• Required work: In your reply, print every line of the listing exactly and omit all images.

[[ Provided material open ]]

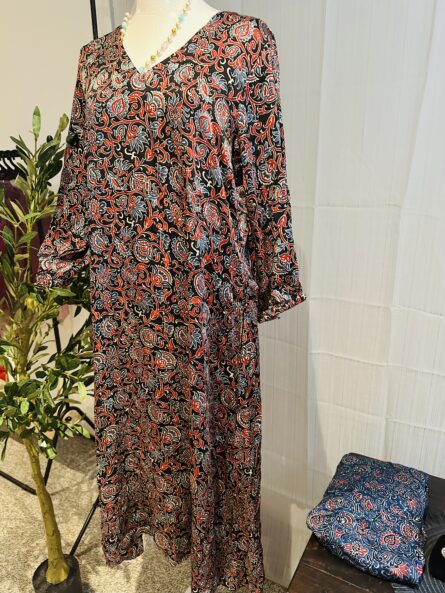 AC230 ,One-Piece Dress / Tunic - Image 3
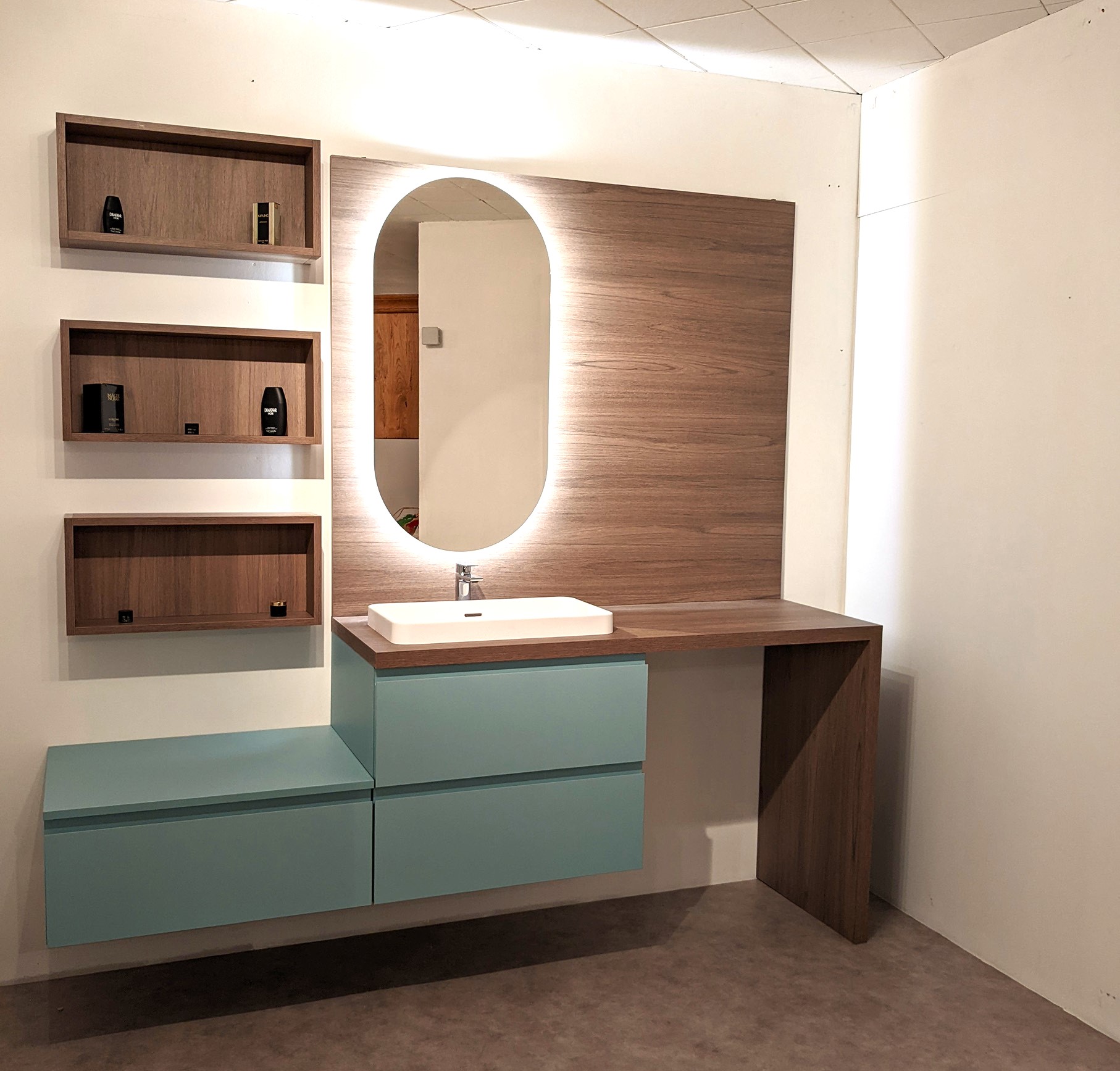 Salle de bain bleu et bois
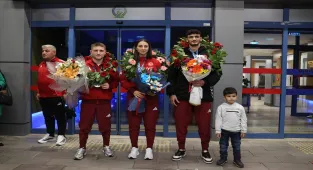 23 Yaş Altı Avrupa Boks Şampiyonası'nda derece elde eden sporcular Trabzon'da coşkuyla karşılandı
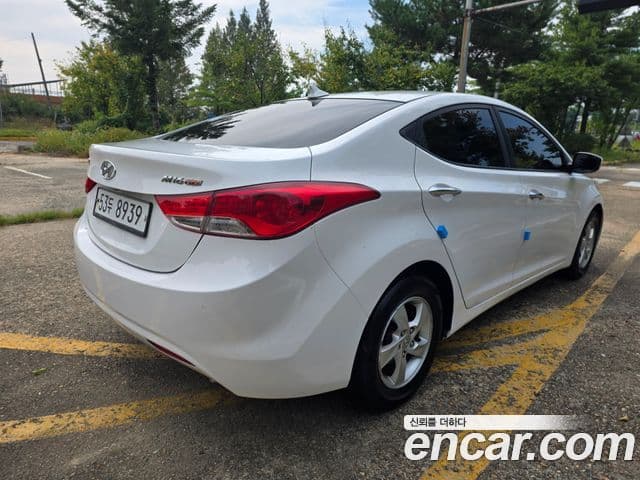 Hyundai Avante MD Luxury, 2012 4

[[ Provided material closed ]]

• Result of this exercise:
 AC230 ,One-Piece Dress / Tunic - Image 3
 Salle de bain bleu et bois
 23 Yaş Altı Avrupa Boks Şampiyonası'nda derece elde eden sporcular Trabzon'da coşkuyla karşılandı
 Hyundai Avante MD Luxury, 2012 4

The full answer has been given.